Plastic Surgeons Slow to Take Breast Implant Illness Seriously

“Because we didn’t have the science initially to understand it, we ignored it,” explains Dr. Bajaj. Women would come into the office complaining of a wide array of not necessarily life-threatening symptoms and the plastic surgeon would examine their breast implants and they’d be fine. They would then “dismiss” these women, who seemingly had no known medical issue. This is not what any woman or patient ever wants to hear.

“You want someone to listen to your symptoms,” says Dr. Bajaj. “As surgeons, we are finally realizing that we have got to pay attention because there are some women who do not do well with implants.” It’s important for plastic surgeons to study who these women are so that they can better categorize what these symptoms mean. It is impossible to treat something that is not defined.
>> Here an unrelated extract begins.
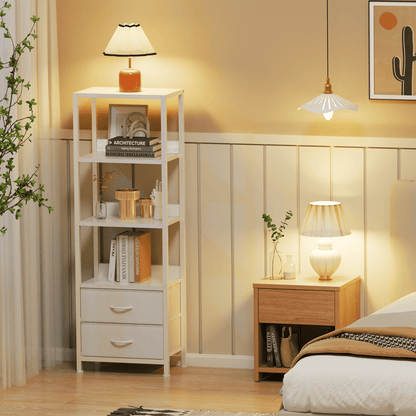 Satifur 4-Tier Bookshelf and Bookcase with 2 Removable Drawers, Narrow Display Shelf for Living Room, White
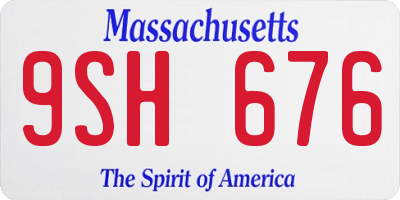 MA license plate 9SH676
The question is: Who will do ok with implants and who will not? “ We just don’t have that information at this point and time,” explains Dr. Bajaj.

Monitor Your Implants with an Annual Follow Up  

If you are concerned that your breast implants may be making you sick, what should you do? Every woman with breast implants needs to be examined annually — whether you feel bad or not. It allows the surgeon to monitor what is going on, if anything, with your implant.

The unfortunate reality is, “many of us, if we are doing well, blow it off,” explains Dr. Bajaj. Life gets busy and there is a reason for the old adage the squeaky wheel gets the grease. “I would encourage every woman to follow up with their doctor on an annual basis so that we can monitor your implants and see if you are having any issues or concerns related to them,” Bajaj shares.

How to Treat Breast Implant Illness 

Facebook and online groups on breast implant illness are an important forum for sufferers to get support and find information. However, this information is not always accurate. Most online groups believe that the only way to treat breast implant illness is to remove your breast implants with what is called an en bloc capsulectomy.

The problem with this is not every patient can have this method of removal performed. Sometimes a capsule – the pocket where the implant rests – is too thin or close to areas that will be harmed if the capsule is to be removed. “As surgeon and a physician, there is no way to guarantee that that’s possible,” explains Bajaj. “It’s hard to predict what we will find in the OR.”

Patient Safety is Paramount

The location of the breast implant also plays a role in whether or not an en bloc removal is possible. When an implant is located under the muscle, and the capsule is tissue paper thin, it can stick to your rib cage. The surgeon is then trying to remove this tissue paper-thin capsule from your rib cage without causing further damage to the:

  • ribs
  • underlying muscles
  • lungs
  • heart 

Patients must realize that surgery is still surgery, and no surgeon of worth will perform elective operations that would do more harm to the patient than abstaining. A cornerstone of medical philosophy centers around this: primum non nocere – first, do no harm. That said, there are other options to remove the implants, and many patients find the alternate approaches have more or less solved their issues.

“In reality, I truly believe that if you feel that your implants are making you ill, we should take them out,” says Dr. Bajaj. “I am here as your advocate, but as your advocate and your surgeon, it is also my job that I don’t do more harm than necessary.”